BÉZIERS. Arrivée par la D609


Vitrine d'un bouquiniste

En creusant un peu dans les archives de la sous-préfecture et avec quelques documents en ligne, je découvre que mon grand-père a été arrêté à Béziers en 1941 pour être transféré à Rivesaltes probablement sur l’ordre d’un commissaire de police du nom de Ménard, le même nom que le maire actuel. Je me sens fébrile, une sensation de resserement allant de ma nuque à mon diaphragme.

Mon grand-père a été transféré à l’ilôt Q du camp de Rivesaltes, puis à l’ilôt F car il était un homme indésirable valide. Il n’était pas une femme ni un enfant sinon il aurait été transféré à l’ilôt J. Il n’était pas un terroriste ni anarchiste sinon il aurait été envoyé au camp de Gurs, il n’était pas un polonais ou un russe des brigades internationales sinon il aurait pu partir dans un camp en Algérie. Il n’était pas juif sinon il aurait été, dès 1942 renvoyé à l’ilôt Q. L’ilôt K servait à la réception au criblage et au triage des arrivants. Il avait réussi à s'enfuir d'Argelès-sur-mer un an auparavant.


Dès l’arrivée des réfugiés républicains espagnols puis dans les années qui suivent, le gouvernement français promulgue deux décrets au sujet du contrôle et de la surveillance des étrangers. Dans le second décret, sont définis comme « étrangers indésirables » ceux dont les titres de séjour ne sont pas en règle et qui ne disposent pas d’un contrat de travail dûment signé avec une entreprise précise ; une sous-catégorie est prévue pour les apatrides (c'est-à-dire, le plus souvent, des Juifs fuyant le nazisme). Les mariages « mixtes » et les procédures de naturalisation sont sévèrement réglementés tandis que le procédé de déchéance est facilité. Il est également recommandé de diriger les indésirables vers des « centres spéciaux » pour les surveiller en permanence. Le 22 juillet 1940, une première loi sur la déchéance de nationalité avait été voté.

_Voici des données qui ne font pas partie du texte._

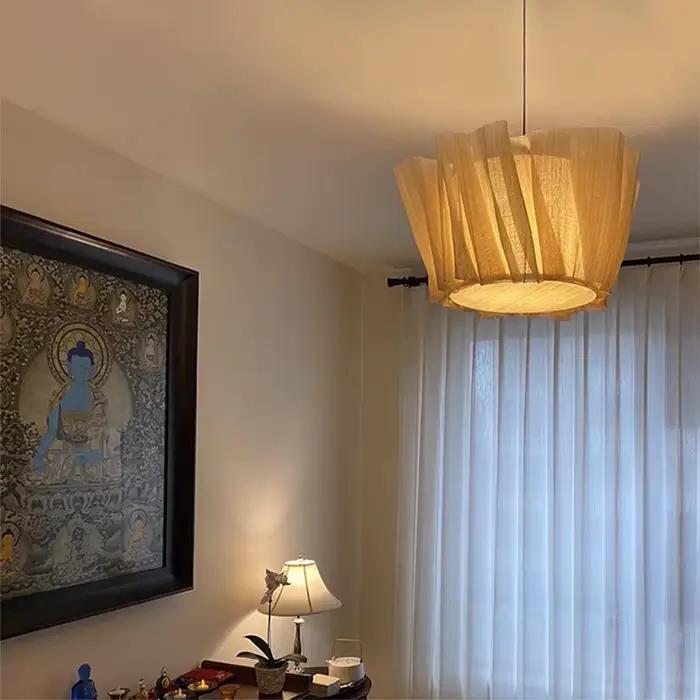 Lustre en tissu vintage nordique à la japonaise luminaire suspendu pour salon chambre restaurant loft décoration de maison élégante et durable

Aujourd’hui une nouvelle loi sur la déchéance de nationalité a été votée. Mr Ménard, maire de Béziers et proche du FN a déclaré il y a quelques temps : « être français se mérite ! ».


Je me promène, je discute un peu dans un café, une librairie. Discussions ordinaires. On me glisse que la ville est plus tranquille, que c’est moins le bordel qu’avant !

De petits haut-parleurs diffusent de la musique. Un morceau de rap passe : « tu es venu au monde, n’attends pas que le monde vienne à toi. La vie appartient à ceux qui se lève tôt ». Il y a du linge suspendu à certaines fenêtres ! Une ville reste une ville avec ses habitants qui vivent ordinairement. Si je ne m’enfonce pas dans les réalités les plus intimes, ou auprès des acteurs culturels ou sociaux, rien ne semble avoir changé du fait de la nouvelle mairie.

Je vais m’installer à la médiathèque. C’est mercredi. Il y a du monde. Des jeunes filles, certaines voilées, participent à un atelier vidéo qui consiste à suivre une chorégraphie montrée à l’écran en étant filmé. Je monte à l'étage et m'installe à une table entre des adolescents chahuteurs et des étagères chargées de livres sur la tauromachie.